先日、私の歯科医師としての大恩人の先生が亡くなられました。享年75歳でした。
今日の私があるのはその方のおかげなのは間違いありません。
私にとっては父親同然のような方でしたので、今だに信じられない気持ちと、もう2度とお話ができないと思うと、心にすっぽり穴が開いたような空虚感があります。
人は必ず死にます。それがいつになるかだけの違いです。早いから「かわいそう」長生きしたから「満足」と年月だけでは測れないもののように歳とともに感じます。
私はスタッフに「何のために生きているか」を若いうちから少しづつでも意識して生きていくことを勧めています。
その問いに対して、学校の問題のように正解があるわけではありませんが、生きていくということはその問いに答えていくことのように思います。
若い時には「成功するため」「お金持ちになるため」などの目に見える理由の為であってもいいと思います。
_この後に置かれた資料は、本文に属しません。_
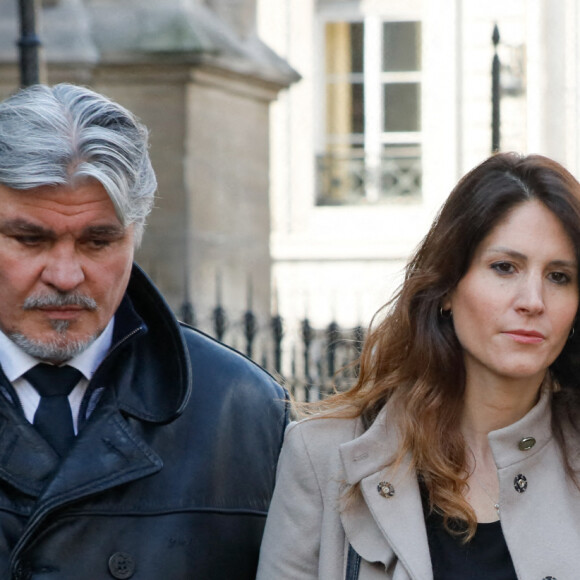 David Douillet et sa femme Vanessa - Sorties des obsèques de Jean-Pierre Pernaut en la Basilique Sainte-Clotilde à Paris le 9 mars 2022. © Christophe Clovis / Bestimage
それが歳とともに、それだけのために生きていくことに満たされない気持ちが必ず湧いてくると思います。
最終的には、「世の為人のために生きていく」ことが自分の幸せにもつながってくるのだと思います。
私のクリニックのスタッフには、20代半ばにもかかわらず「人のために生きていきたい」と言っているスタッフがいます。
私の20代と比べると信じられない事ですが、若くしてそういう生き方をできるスタッフと一緒に働けることをとてもうれしく感じ、この子らが幸せに働けるクリニック環境にしていかなければという強い使命感を持っています。
今私は47歳で、両親も元気ですが、今回の恩人の先生や私の妹など天国に召されている人が私の周りでも少しづつ増えています。
自分の周りの親しかった人が天に召されるようになってくると、自分が旅立つ日が来ることも悪くはないかなと思えるようになってくるのか、何歳になってもやはり「死にたくない」と思うのかは想像の域でしかありませんが、その日まで精いっぱい生きていかなければいけないなと思いました。
身近な人の死は悲しいことですが、人は「死を意識しながら生きていく」ことは、とても大切な事のように思います。
いつまでも生きていけるような気になっていると、感謝の気持ちもなくなりますし、時間も無駄に過ごしてしまいます。
「命には期限がある」「人は必ず死ぬ」ということを意識して生きることで、生きている時間がより輝いてくるようにも思います。
「死」というテーマはとても難しく文章では誤解も生じるかもしれませんが、とても大切な恩人の先生の死について気づいたことをコメントさせていただきました。
峯田先生の御冥福を心からお祈りします。合掌。